Segment Start: Data excerpt

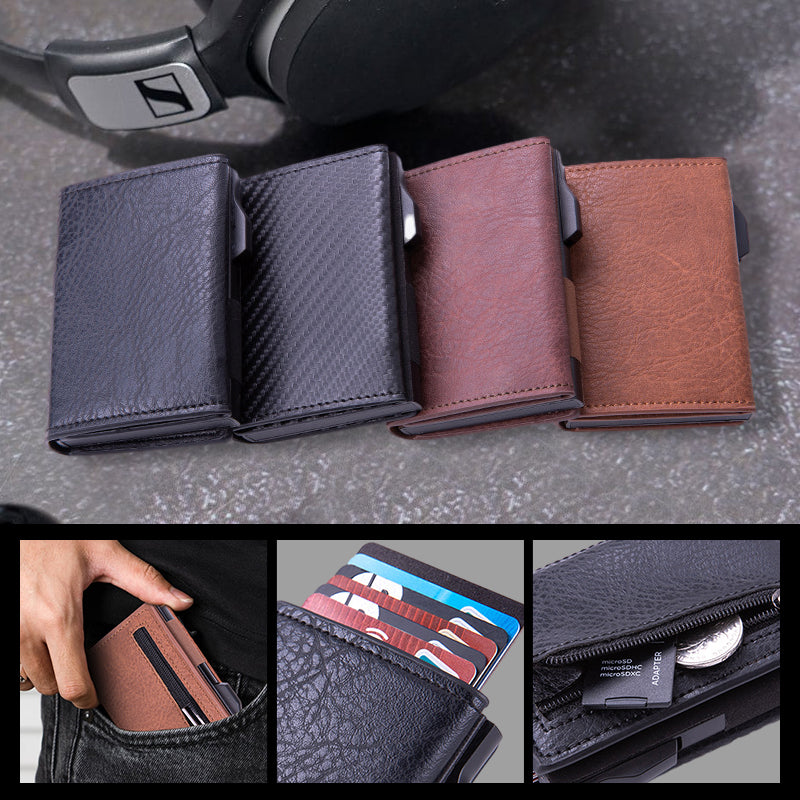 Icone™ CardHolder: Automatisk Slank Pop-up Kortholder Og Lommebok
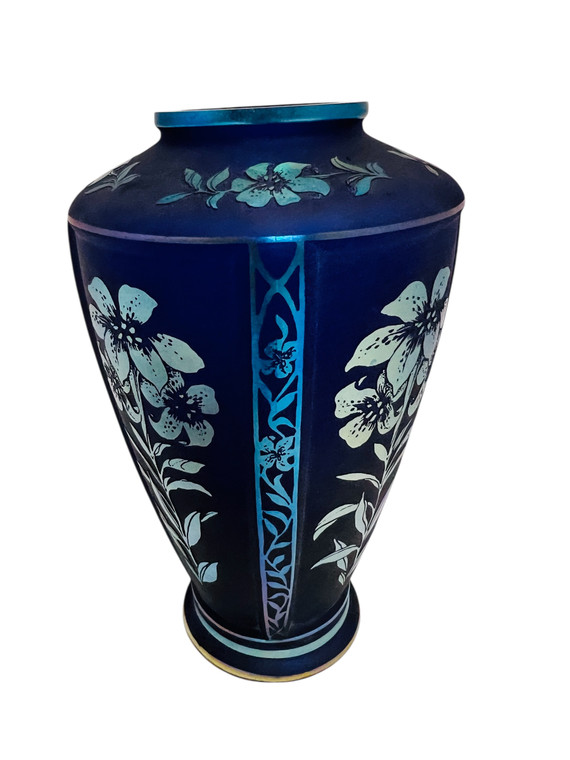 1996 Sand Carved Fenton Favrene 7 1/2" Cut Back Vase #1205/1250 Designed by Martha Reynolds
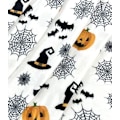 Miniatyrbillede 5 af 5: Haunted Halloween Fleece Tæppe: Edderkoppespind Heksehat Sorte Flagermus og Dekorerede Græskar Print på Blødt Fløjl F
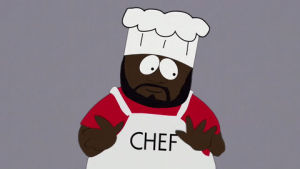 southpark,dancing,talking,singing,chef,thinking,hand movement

Segment End: Data excerpt

Task prompt >> Output precisely the lines in the material above from the line containing "1996 Sand Carved" through its last line, and omit pictures.

Task response >>
 1996 Sand Carved Fenton Favrene 7 1/2" Cut Back Vase #1205/1250 Designed by Martha Reynolds
 Miniatyrbillede 5 af 5: Haunted Halloween Fleece Tæppe: Edderkoppespind Heksehat Sorte Flagermus og Dekorerede Græskar Print på Blødt Fløjl F
 southpark,dancing,talking,singing,chef,thinking,hand movement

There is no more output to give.